Rowwad Translation Center
İşte söylediklerinizde sizi yalanladılar. Artık ne üzerinizdeki azabı def edebilirsiniz, ne de bir yardıma güç yetirirsiniz. Sizden kim zulmederse ona büyük bir azabı tattırırız.
Şaban Piriş
İşte söyledikleriniz de sizi yalancı çıkardılar. Artık kendinizden azabı defetmeye de yardım etmeye de gücünüz yetmez. Sizden zalimlik edenlere büyük azabı tattırırız.
Shaban Britch
İşte söyledikleriniz de sizi yalancı çıkardılar. Artık kendinizden azabı defetmeye de kendinize yardım etmeye de gücünüz yetmez. İçinizden zulmedenlere büyük bir azap tattıracağız!
Suat Yıldırım
“İşte gördünüz a!” denir o müşriklere, “Taptığınız nesneler söylediklerinizde sizi yalancı çıkardılar. Artık ne azabı savmaya, ne yardım temin etmeye çare bulamazsınız.”(İşte ey bütün insanlar! Bilin ki:) İçinizden kim bu şirk koşma zulmünü işlerse, ona büyük bir azap tattıracağız.
Süleyman Ateş
(Bu kez hitap, bunlara tanrı diye tapanlara yönelir.) İşte (tanrı) dedikleriniz de sizi yalanladılar. Artık ne (azabı geri) çevirmeğe gücünüz yeter, ne de (kendinize) bir yardım bulabilirsiniz!

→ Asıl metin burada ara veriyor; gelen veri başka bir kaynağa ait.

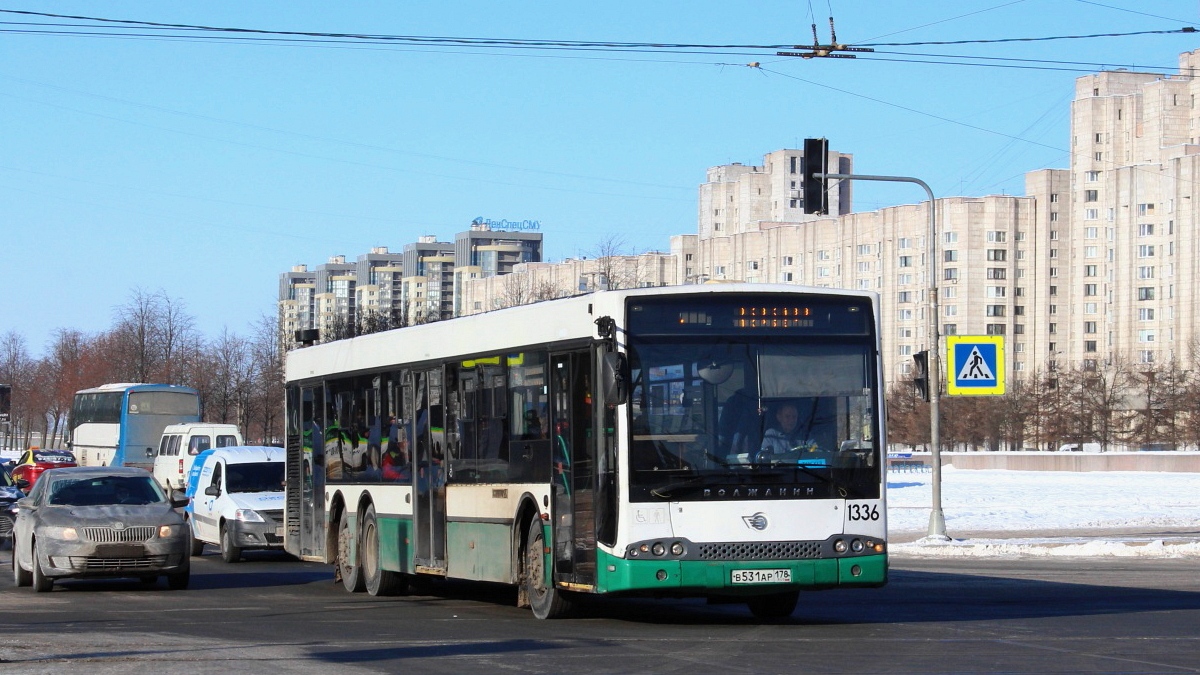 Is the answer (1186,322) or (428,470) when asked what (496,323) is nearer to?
(428,470)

Sizden kim zulmederse ona büyük bir azab taddırırız.
Tefhim-ul Kuran
«İşte (ilahlarınız) sizin söylemekte olduklarınızı yalanladılar; bundan böyle (azabı) ne geri çevirmeye gücünüz yetebilir, ne de bir yardıma. Sizden kim zulmederse, ona büyük bir azab taddırırız.»
Yaşar Nuri Öztürk
İşte, haklarında söz söyledikleriniz de sizi yalanladılar. Artık ne azabı savabilirsiniz ne de yardımcı bulabilirsiniz. Zulmedenlerinize zorlu bir azap tattıracağız.